Beneath a protected canopy comprising oak, maple, birch, and pine, the nature-centric handiwork of Matthew Cunningham stands out in his own oasis-like backyard. With a pool and hot tub rimmed in reclaimed granite, and repurposed stones pressed into the ground, both design and execution are carefully considered, culminating in a scene that balances modern tastes with unmistakable comfort.
Although the salvaged hardscape strikes a refined balance between “art and environmental stewardship,” it’s not only the stonework that makes this place—a lush two-acre plot cradled by the protected Mary Herrick Forest—so special. It’s also the purposeful acknowledgement and preservation of wildlife—humming tree frogs, soaring songbirds, and native flora and fauna—that sprinkle a bit of magic onto this landscape architect’s home turf. Instead of taming the forest beyond the board-formed concrete retaining wall, Matthew’s keen design and ecological commitment invite the wilderness in. “The native vegetation and wildlife initially drew us to the property,” Matthew says. “We didn’t want to move to these pristine woods and then surround ourselves with a fence.”

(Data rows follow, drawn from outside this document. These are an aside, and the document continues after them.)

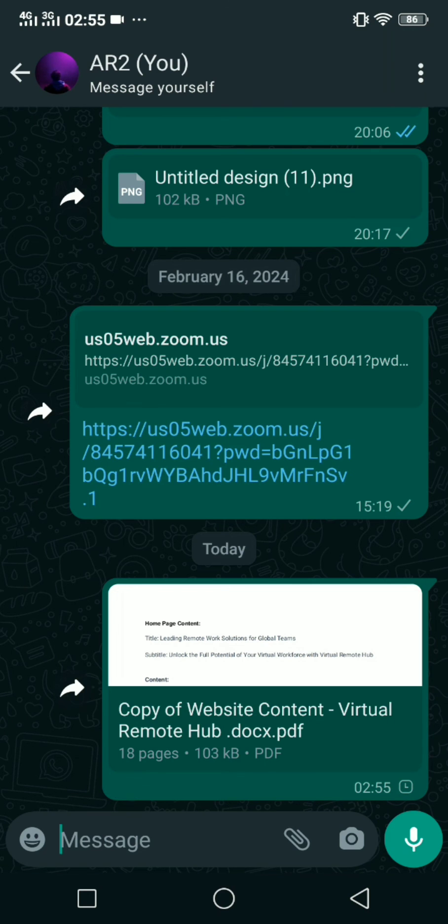And there you go, you have successfully saved a PDF file from your Google Docs on your Android device. Thanks for watching, please subscribe to the channel and like the video.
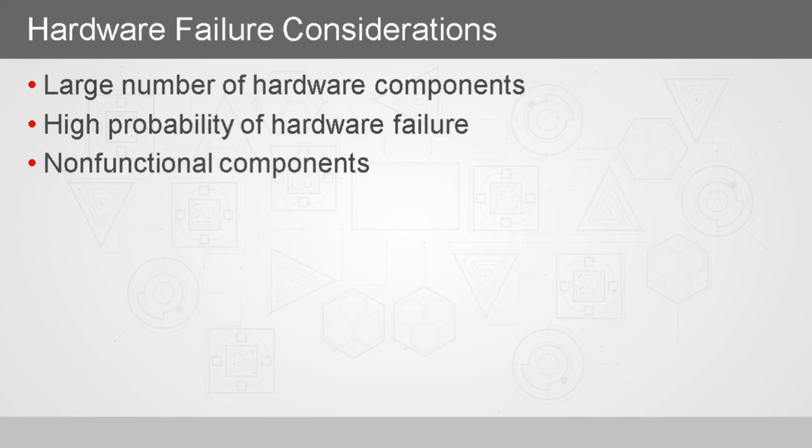The main candidate for a single point of failure is the FS image and edit logs of the name node, which is the reason HDFS has secondary name nodes, checkpointing, and backup nodes so that we can recover from failure of the name node.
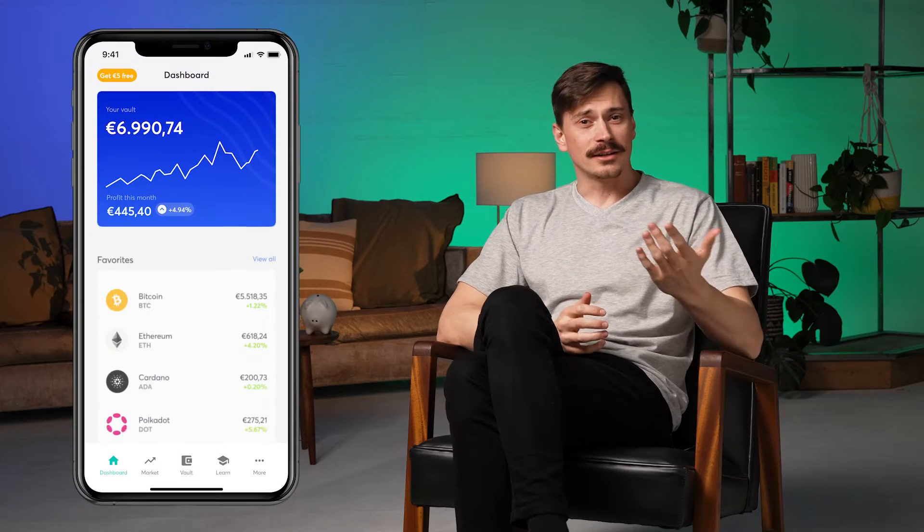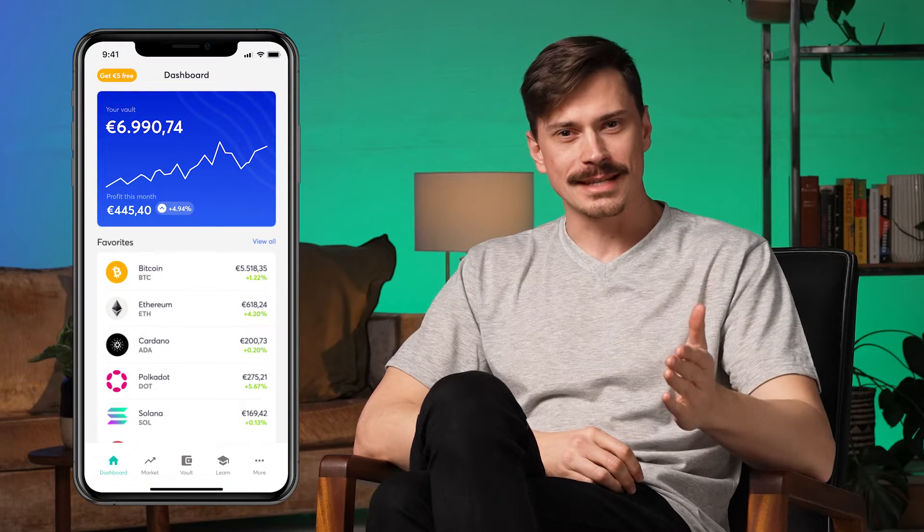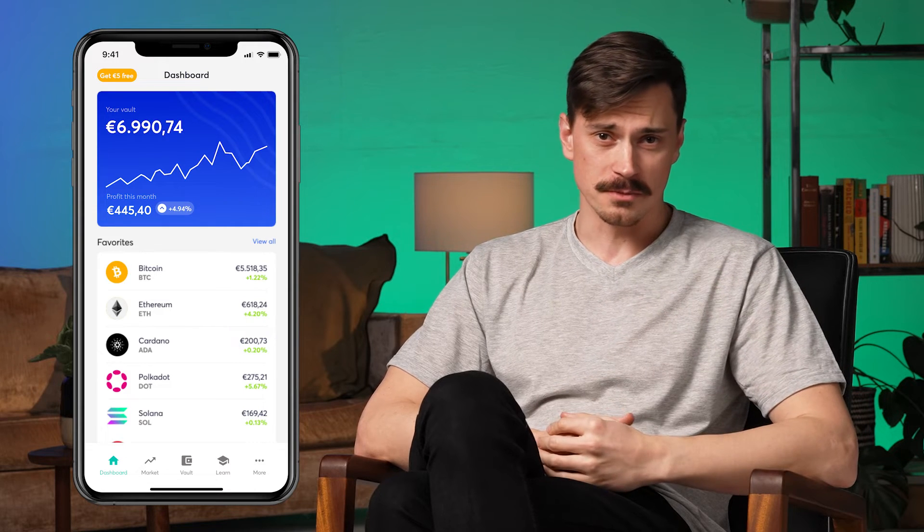The AnyCoin Direct app has obviously been designed with the user in mind, from the sign-up process all the way through buying crypto. It's easy to navigate around the app and find exactly what you're looking for. Once you log in, you land on your dashboard — this is where you get a snapshot of how your crypto portfolio is performing. You can immediately see how much you have in your vault and how your favorite coins are performing in the market. It also updates almost in real time, so you're able to stay up to date on how your overall investment is doing and how each of your favorite coins are doing too.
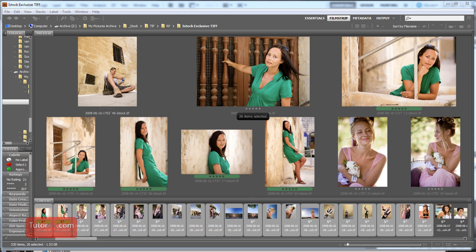Welcome to another Photoshop tutorial from TutorVid.com. This tutorial is going to show you how to resize and resave a folder of images fairly quickly and easily.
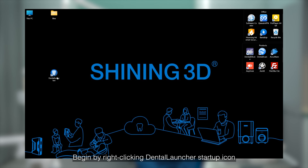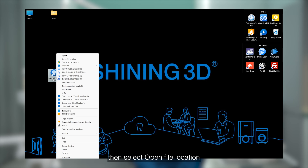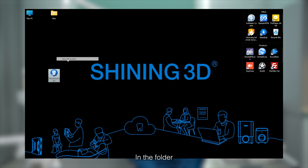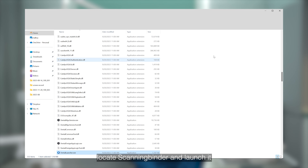Begin by right-clicking the Dental Launcher Startup icon, then select open file location. In the folder, locate ScanBinder and then launch it.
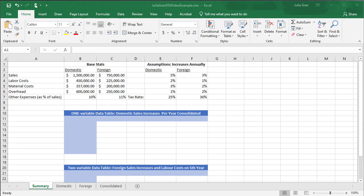Hi, this is your instructor Julia Grav, and in this video I'm going to show you how to create a decision support system that looks at growth rates, possible growth rates of a business that is both in the domestic realm and the foreign realm.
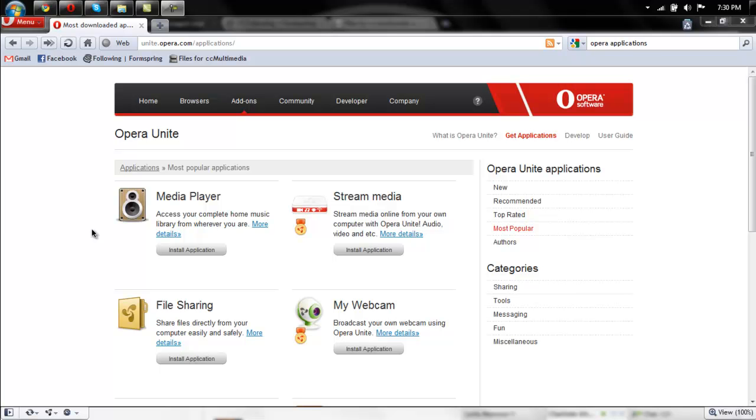All right, hello everyone, this is Jacob and this is how to create your own web server through Opera Unite.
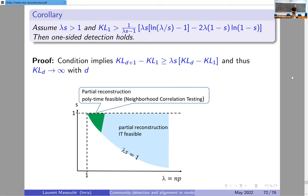More recently, we started collaborating with Guilhem Semerjian on this problem, who did amazing computations. Now we have a much better understanding of when this correlation tree-based correlation detection in trees approach succeeds.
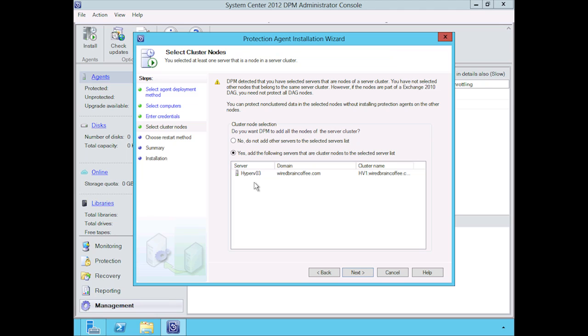It wants to be able to back up the entire cluster as opposed to just one or two hosts out of that cluster, so it prompts us for that here. I'm going to go ahead and select it, and then we're going to click on next.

The 5,000-square-foot family home stands quietly engulfed by a coastal woodland palette composed of native hay-scented fern, sweet fern, bayberry, oak leaf hydrangea, moss, and more. “I’m as ecologically focused as I am aesthetically inclined,” Matthew explains, noting that none of the plants on-site are fertilized. The lawn, a clever clover-fescue blend, allows for a reduction in mowing and irrigation. Even the pool utilizes low-chemical technology, providing a place for frequent guilt-free, critter-friendly dips.
When starting a new project, Matthew hones in on the context of the land, seeking ways to integrate smart site ecologies, while steering clients toward celebrating their own unique sense of place upon the land. “No area of a yard or garden is too precious,” says Matthew. “I help my clients cultivate their own personal terrariums that reveal important environmental connections beyond the site boundaries.”